During the process of normal digestion, the inactivated enzymes from the exocrine pancreas traverse to the intestinal lumen where they are activated to digest the food contents of the small intestine. In the actual pancreatitis, these enzymes are activated within the gland causing cellular autodigestion, irritation, and inflammations. Acute inflammation will convey the usual signs and symptoms of acute pancreatitis. When recurrent bouts of acute pancreatic inflammation occurs in a long standing period, this is now referred to as chronic pancreatitis. The post inflammatory scarring of the pancreatic tissues will cause a subsequent loss of function of the gland causing digestion problems and diabetes consequently.

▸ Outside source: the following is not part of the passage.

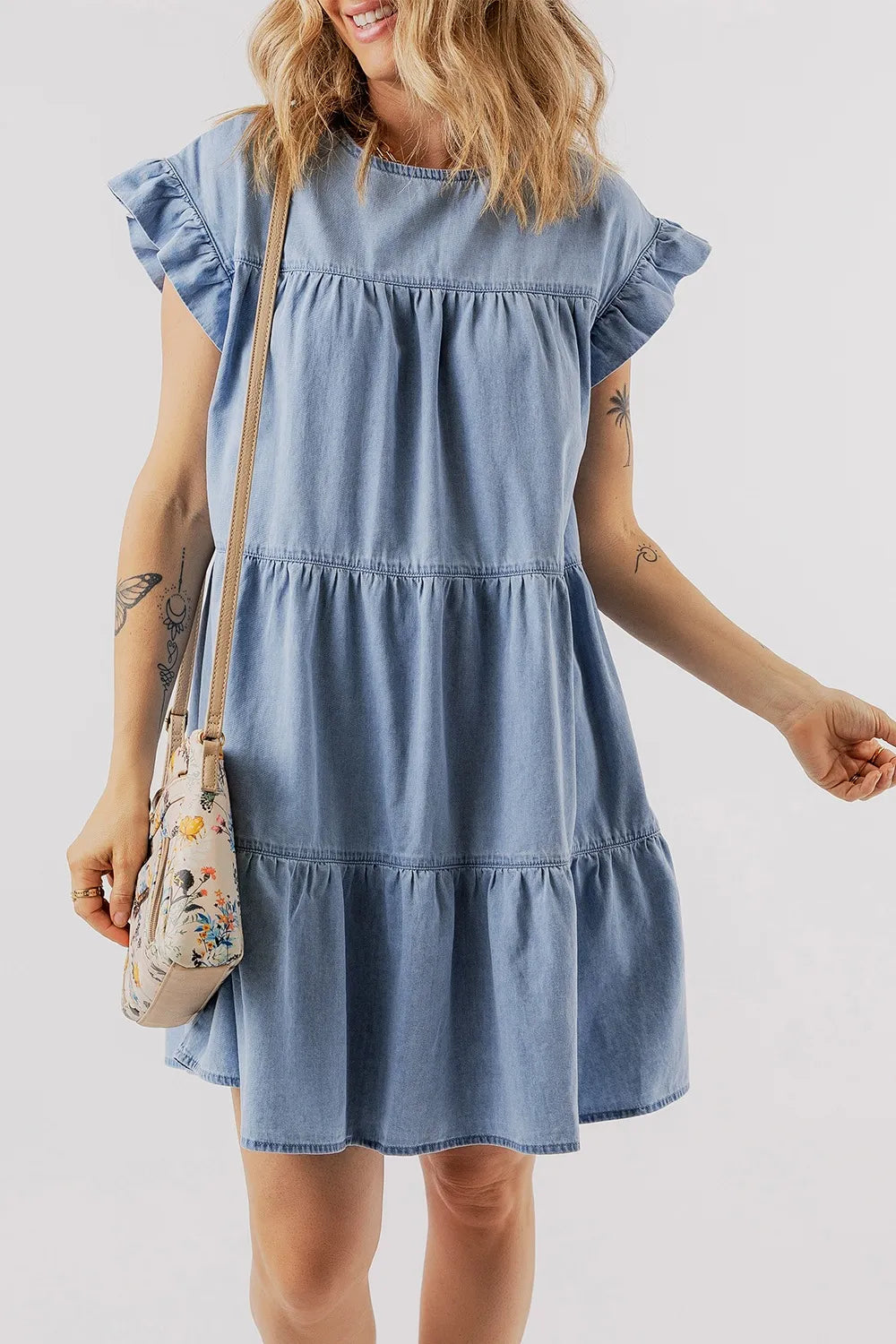Ruffle Cap Sleeve Tiered A-line Denim Dress - Women / Jeans & Denim by Trendsi | Available at Handbags Specialist Headquarter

One of the corner stone in the control of pancreatitis is the eventual control of alcohol dependence. Smoking can also impair digestion and advertently cause pancreatitis; thus, abstinence from this vice can prevent the inflammation. The dietary modifications of a low fat diet can reduce the incidence of pancreatitis, and reduce its digestive menace. Adequate hydration can help keep the pancreas hydrated and safe.
Pancreatitis is a clinical disease characterized by the inflammation of the exocrine pancreas which may lead to autodigestion of the gland itself. Pancreatitis is generally classified as acute which presents suddenly and resolves in days, and chronic which presents in the course of many years. In most mild cases of pancreatitis, the inflammation subsides spontaneously even without treatment but in some occasion pancreatitis can be very severe that it can cause life threatening complications.
Pancreatitis is a clinical disease characterized by the inflammation of the exocrine pancreas which may lead to auto digestion of the gland.
Pancreatitis is primarily caused by alcohol binge drinking and biliary microlithiasis obstructions. Less common causes include: Viral infection, abdominal trauma, hereditary, and diagnostic procedures like ERCP.
Blood test with alkaline phosphatase, ERCP, Ultrasound, CT scan and MRI.
Treatment and follow-up
Patients are asked to fast with intravenous fluid support. Pain management and surgical correction of underlying pathology. Patients are advised to refrain from alcohol intake to prevent recurrence.